━━ PROVIDED DATA ━━

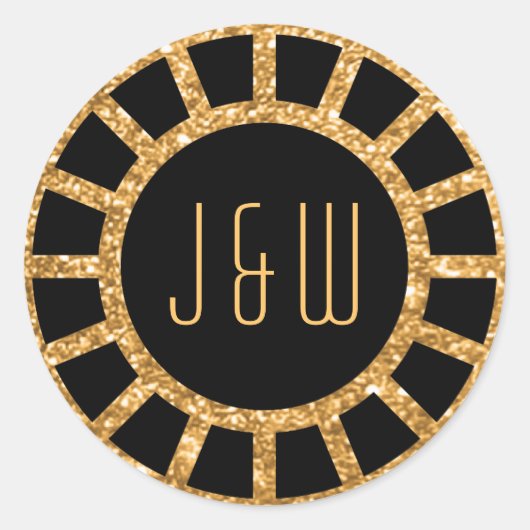 Sticker Monogramme Gatsby Ventilateur Art Déco Or (Devant)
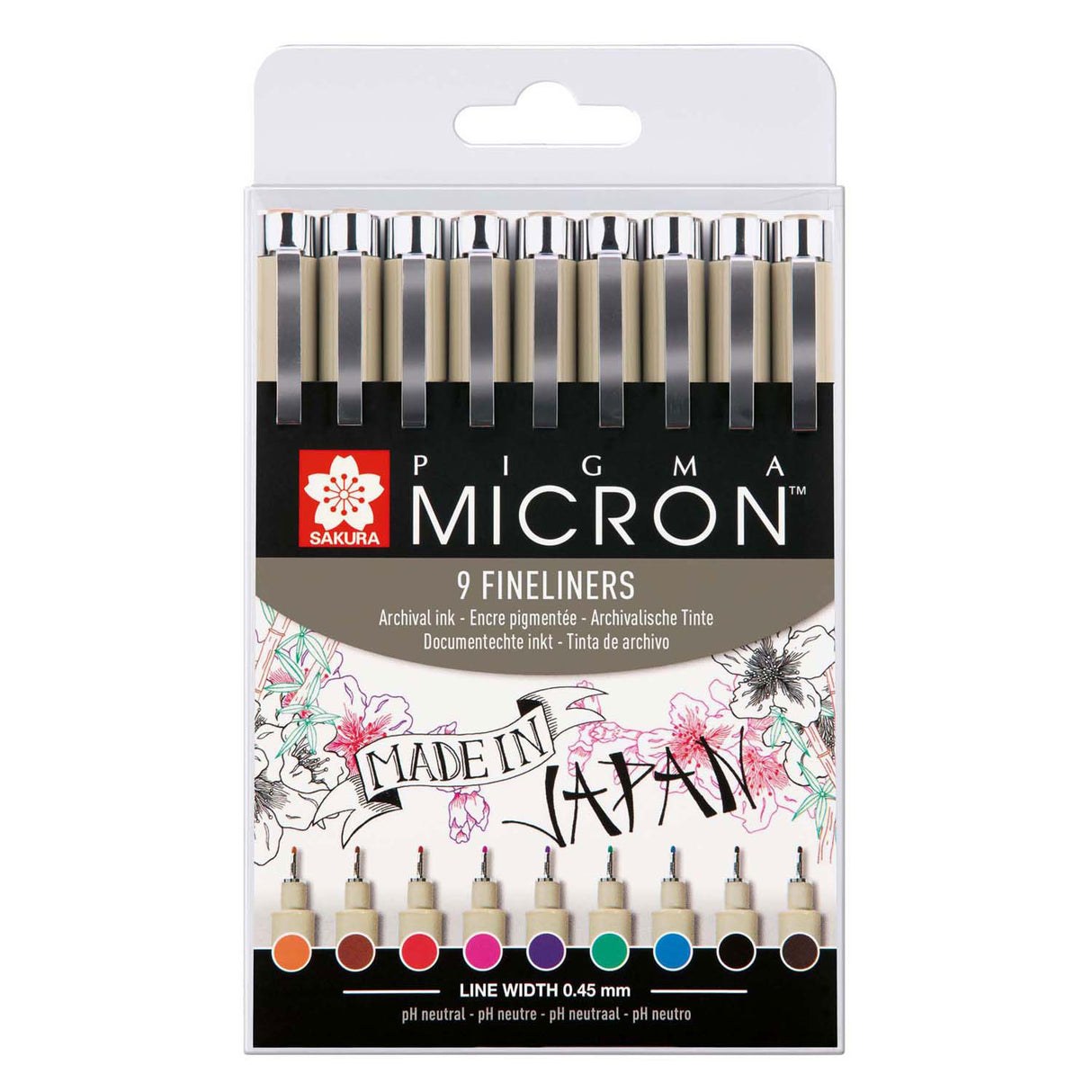 Sakura Pigma Micron 05 Ficka med 9 färger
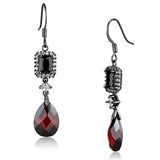Alamode Ruthenium Brass Earrings with AAA Grade CZ in Garnet - Alamode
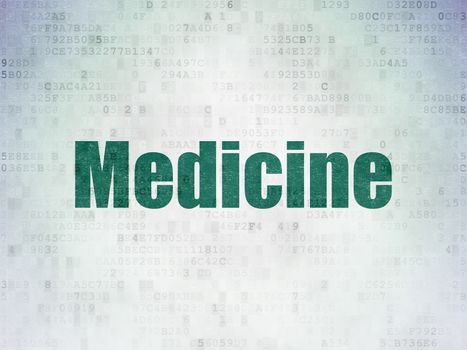 Healthcare concept: Painted green word Medicine on Digital Data Paper background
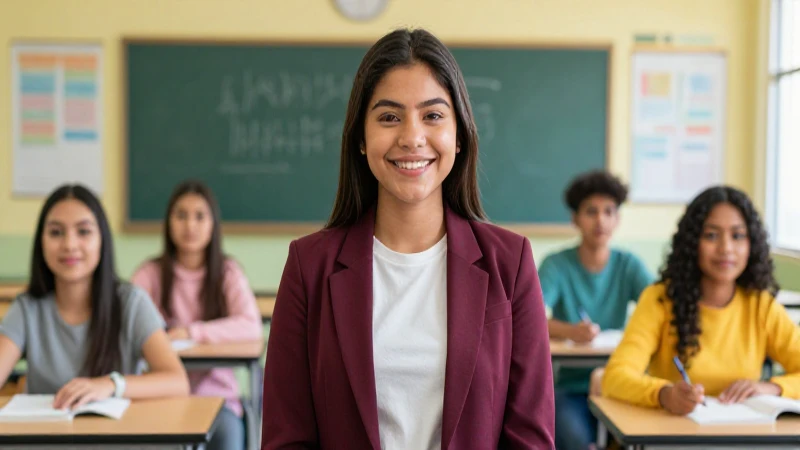 Estudiante mexicano sonriente en moderno aula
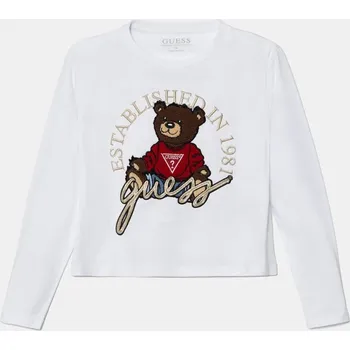 Chlapecké oblečení Dětské bavlněné tričko s dlouhým rukávem Guess J4BI10.I3Z14.9BYH bílá 00X, vel. 147-157
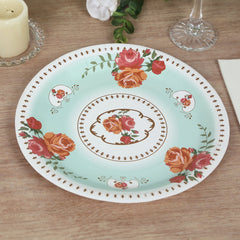 25-Pack Paper 9" Round Dinner Plates in Turquoise with Vintage Rose Flower Print - Disposable Plates for High Tea Gatherings & Romantic Celebrations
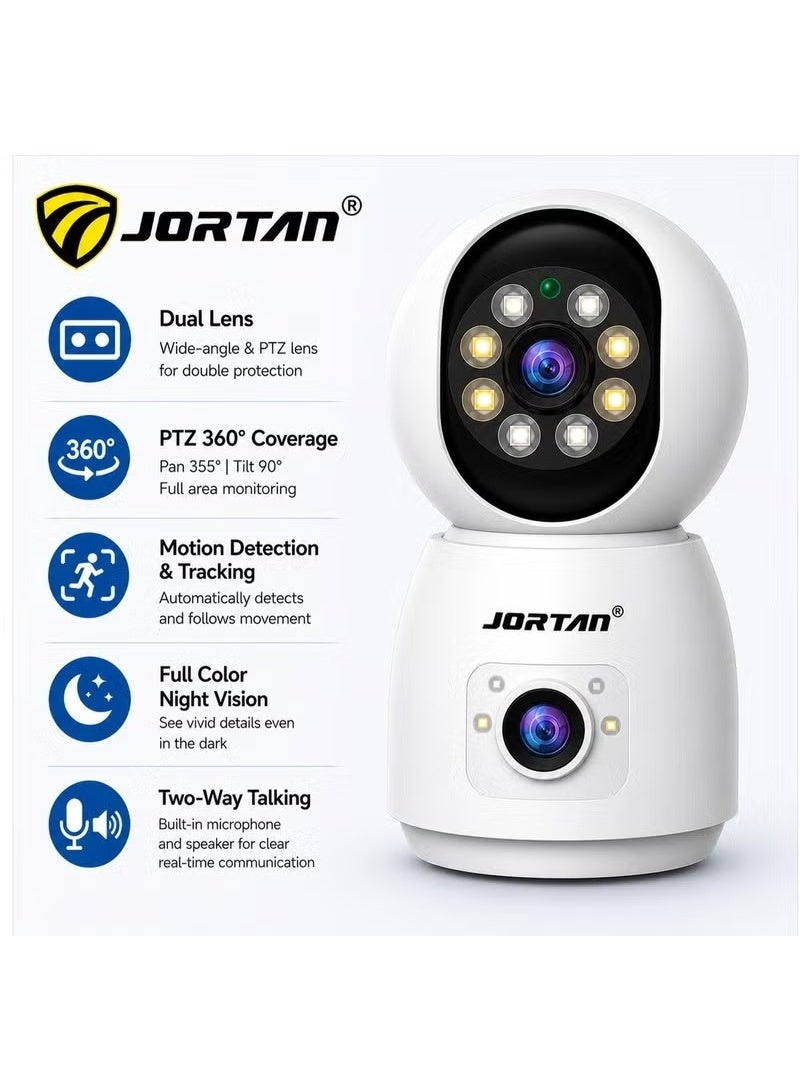 JORTAN 4MP Dual Lens WiFi Indoor Security Camera | 360° Smart Security Camera with Motion Tracking, Two-Way Audio, Color Night Vision, HD, Suitable for Monitoring Home, Children, Elderly, and Pets - Image 1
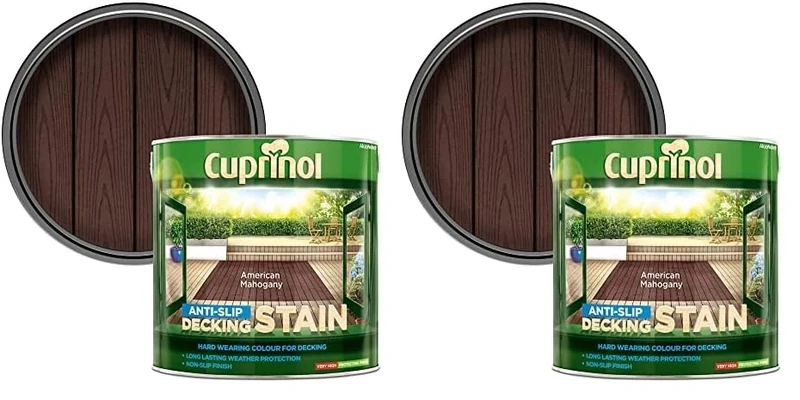 Cuprinol 2.5 litres Anti Slip Decking Stain - American Mahogany (Pack of 2)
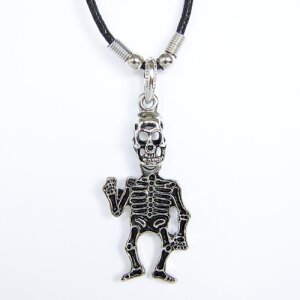 Leather necklace with skeleton as pendant for men and...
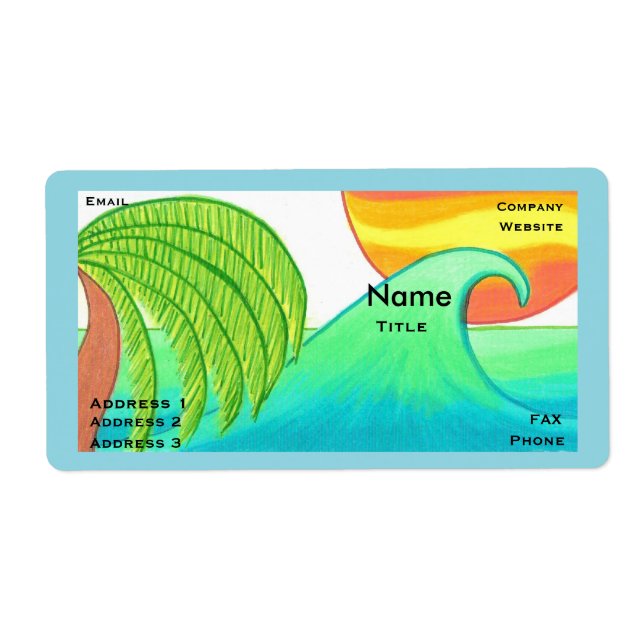 Étiquette Sun and Surf Business Card Template (Devant)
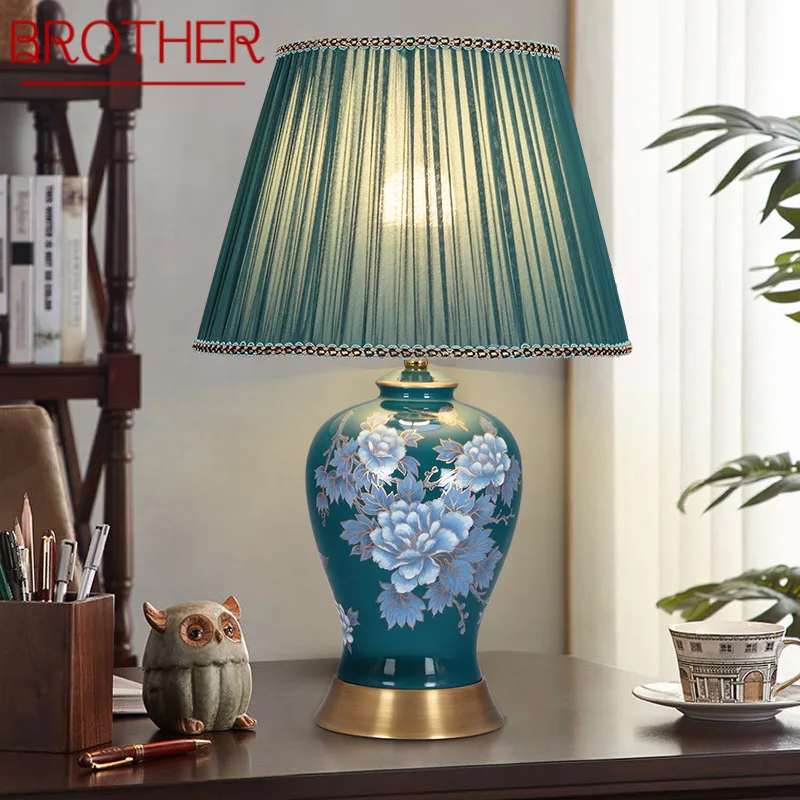 

BROTHER Modern Table Lamp LED Creative Touch Dimmable Blue Ceramics Desk Light For Home Living Room Bedroom Decor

━━━

| WORK REQUIRED |
Since the pictures are not part of the copy, please transcribe only the lines above from the one with "Healthcare concept: Painted" through the one with "Chlapecké oblečení Dětské", exactly and with both ends.

| EXERCISE RESPONSE |
 Healthcare concept: Painted green word Medicine on Digital Data Paper background
 Estudiante mexicano sonriente en moderno aula
 Chlapecké oblečení Dětské bavlněné tričko s dlouhým rukávem Guess J4BI10.I3Z14.9BYH bílá 00X, vel. 147-157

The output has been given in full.